=== PROBLEM ===
Set down only the lines from the one containing "Bioactive Organic Aceite" through the final line of the entries below, exactly as they stand, with no pictures.

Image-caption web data
────────

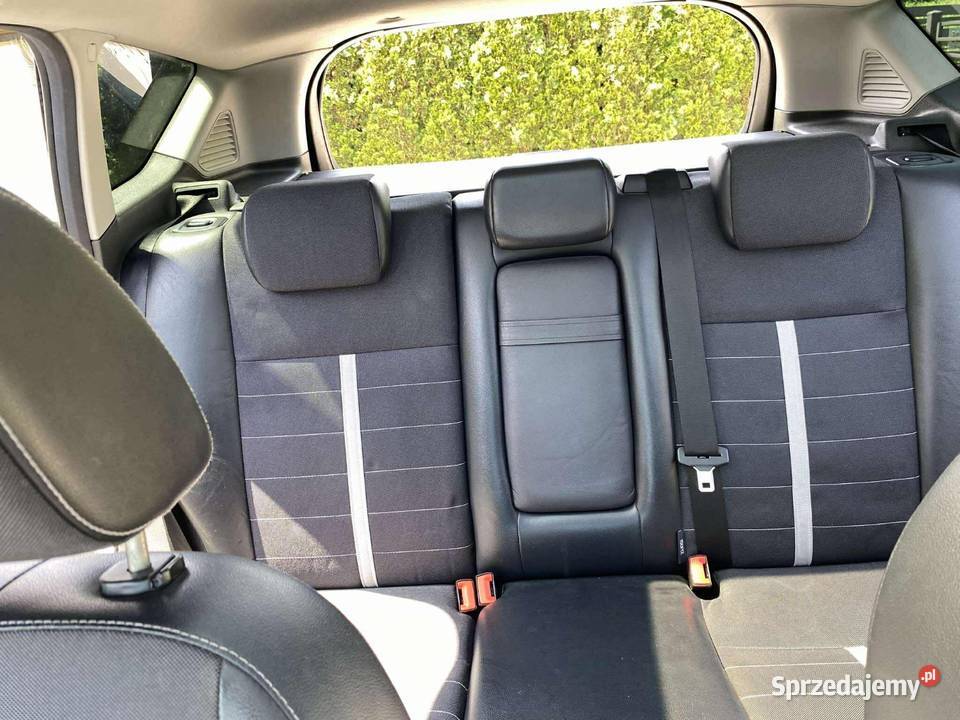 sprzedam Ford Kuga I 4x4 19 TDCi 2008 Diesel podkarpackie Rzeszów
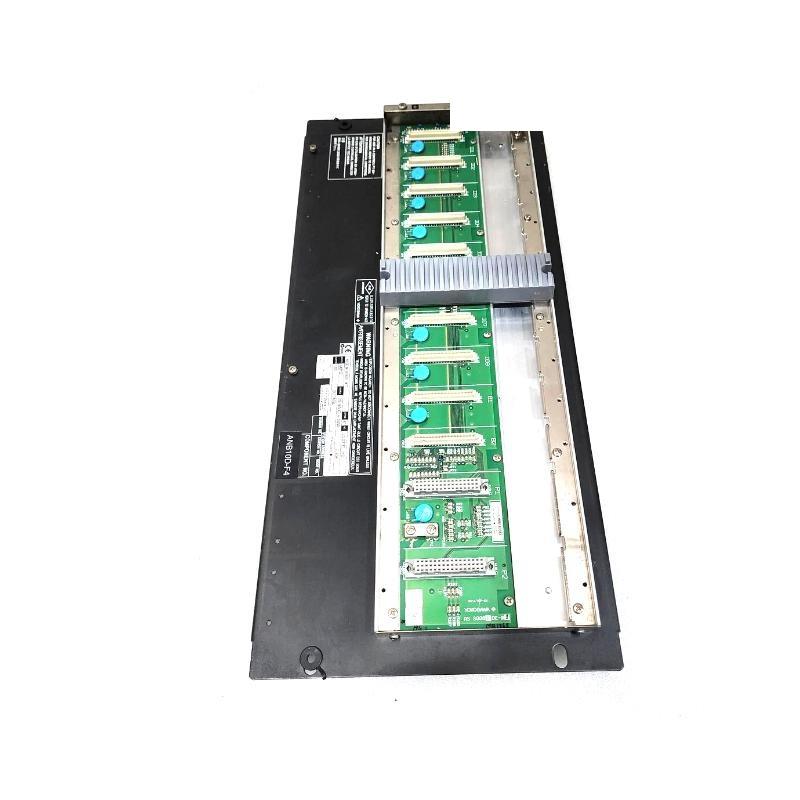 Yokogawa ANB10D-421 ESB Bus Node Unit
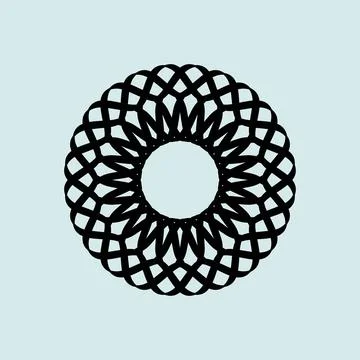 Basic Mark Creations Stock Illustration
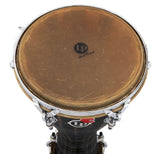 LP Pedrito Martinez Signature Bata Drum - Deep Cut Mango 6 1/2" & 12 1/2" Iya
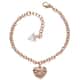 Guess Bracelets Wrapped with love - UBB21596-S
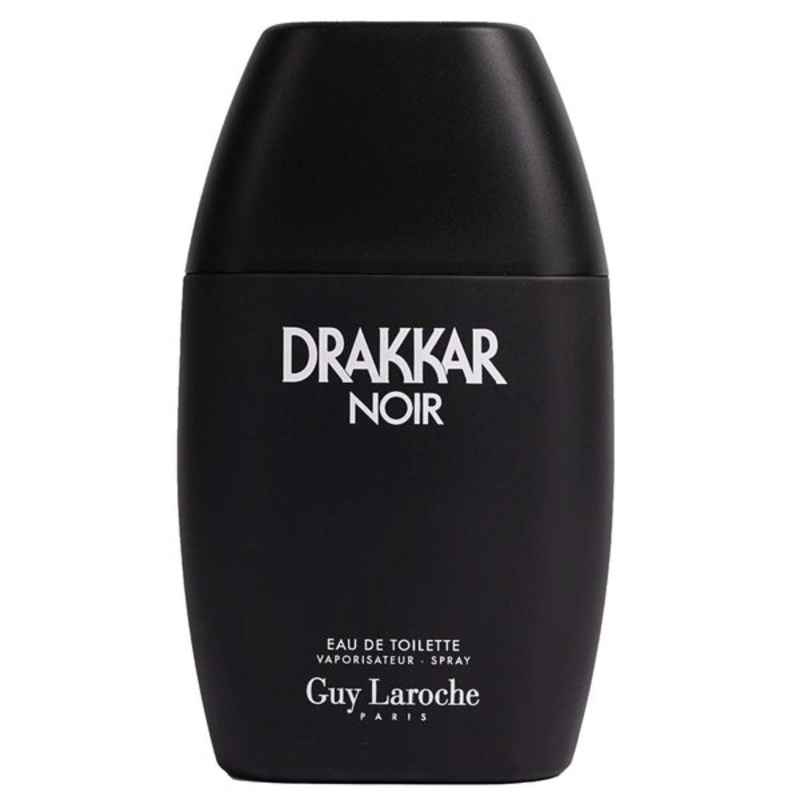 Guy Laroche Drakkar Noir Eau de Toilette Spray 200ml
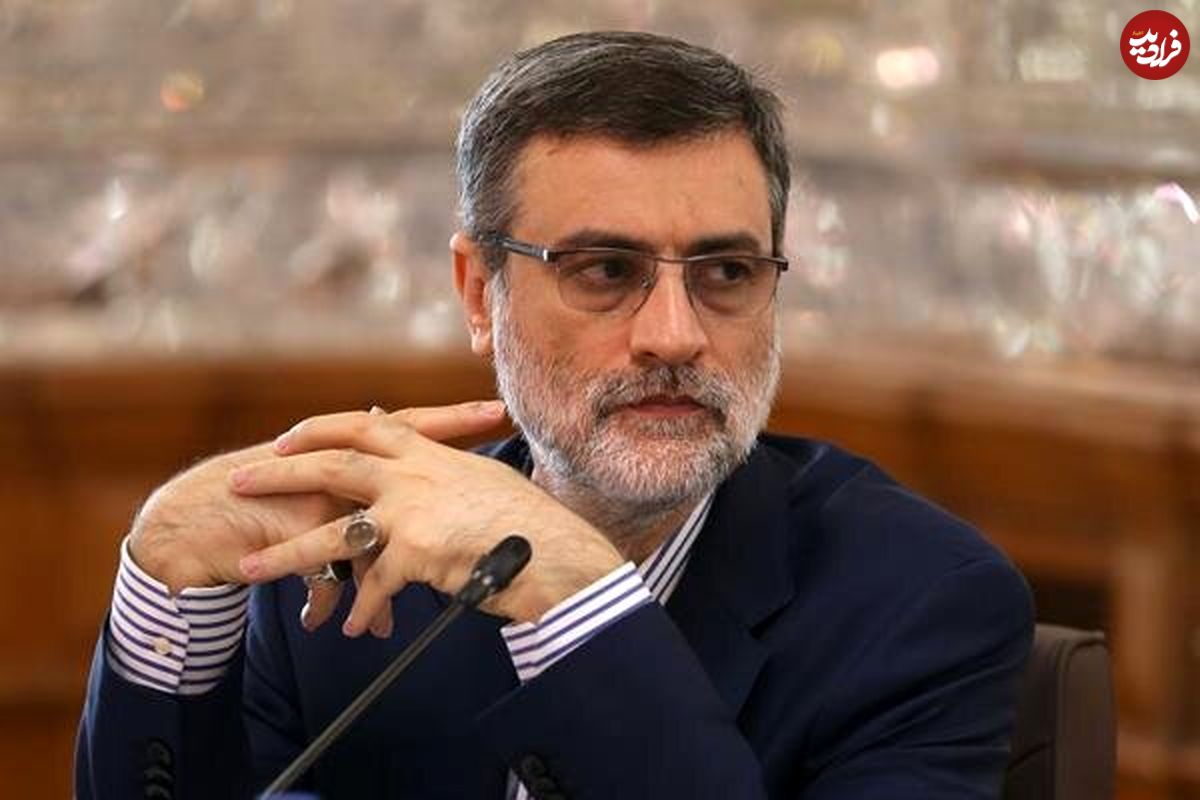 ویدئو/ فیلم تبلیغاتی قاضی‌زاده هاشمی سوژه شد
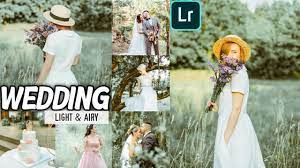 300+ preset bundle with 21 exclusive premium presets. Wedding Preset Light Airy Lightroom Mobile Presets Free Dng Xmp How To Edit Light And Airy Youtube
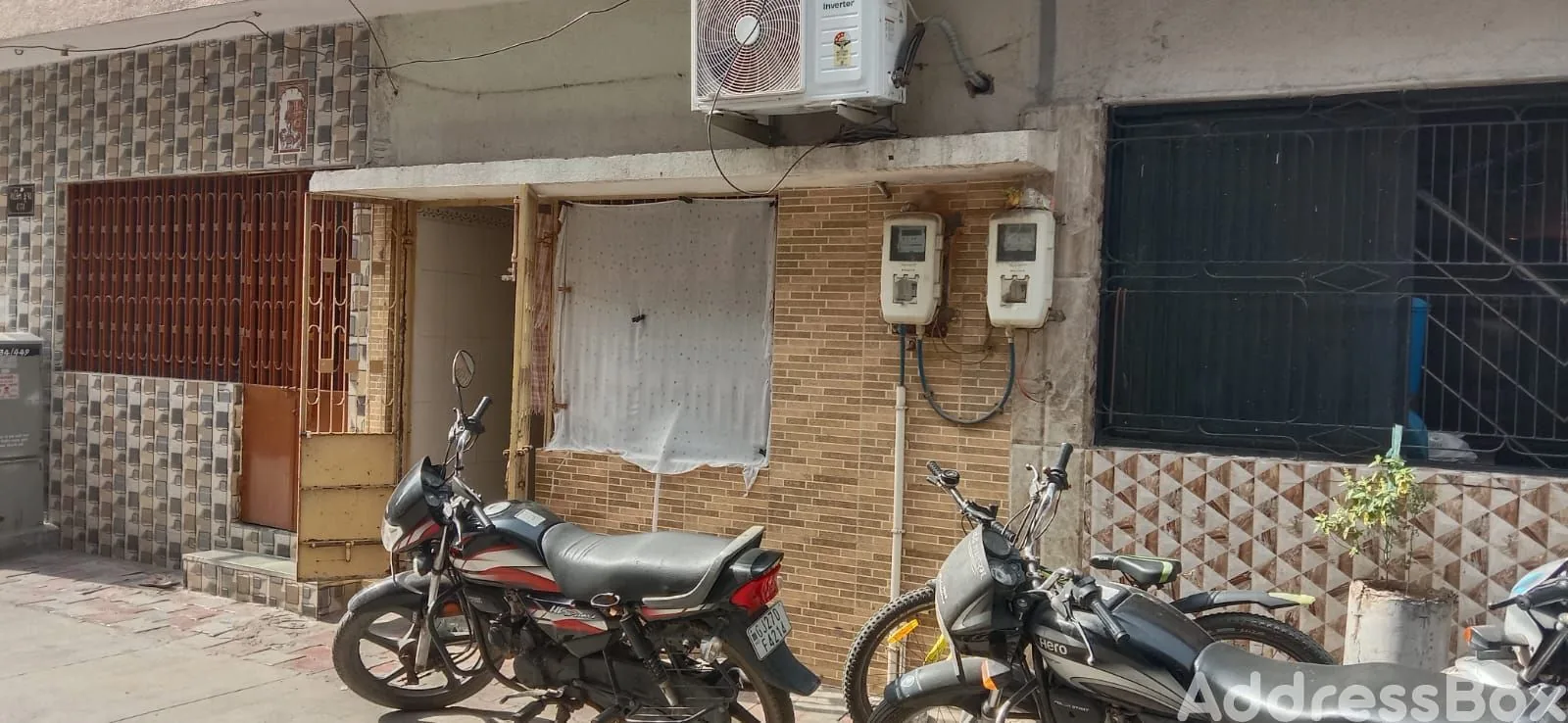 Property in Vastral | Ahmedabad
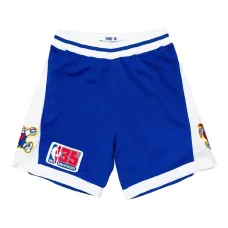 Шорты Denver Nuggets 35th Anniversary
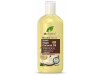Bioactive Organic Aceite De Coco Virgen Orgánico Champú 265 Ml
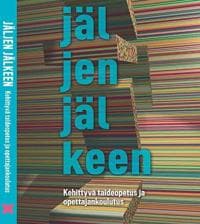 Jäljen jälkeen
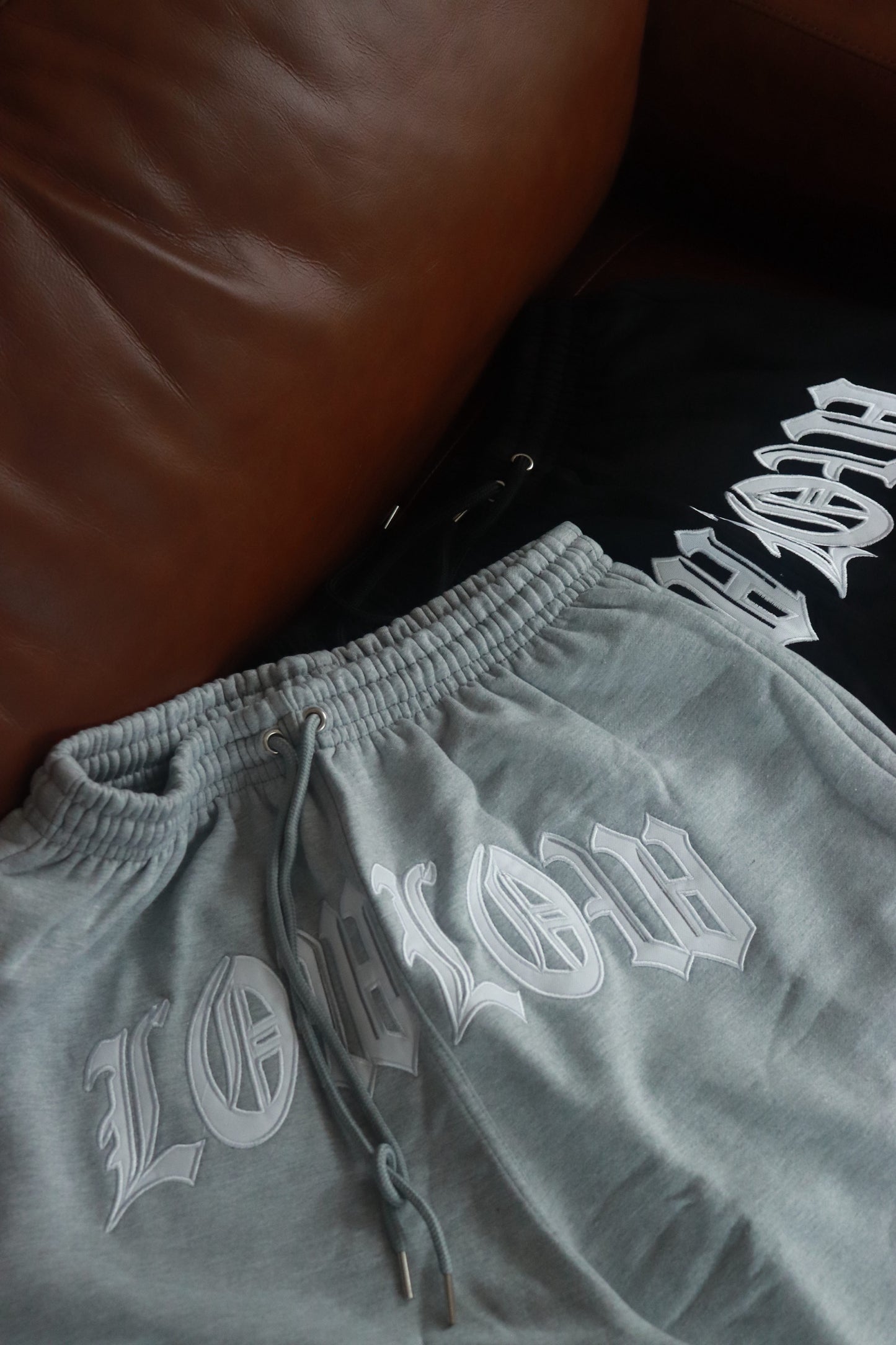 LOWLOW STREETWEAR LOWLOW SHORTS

────────

=== ANSWER SECTION ===
Bioactive Organic Aceite De Coco Virgen Orgánico Champú 265 Ml
 Jäljen jälkeen
 LOWLOW STREETWEAR LOWLOW SHORTS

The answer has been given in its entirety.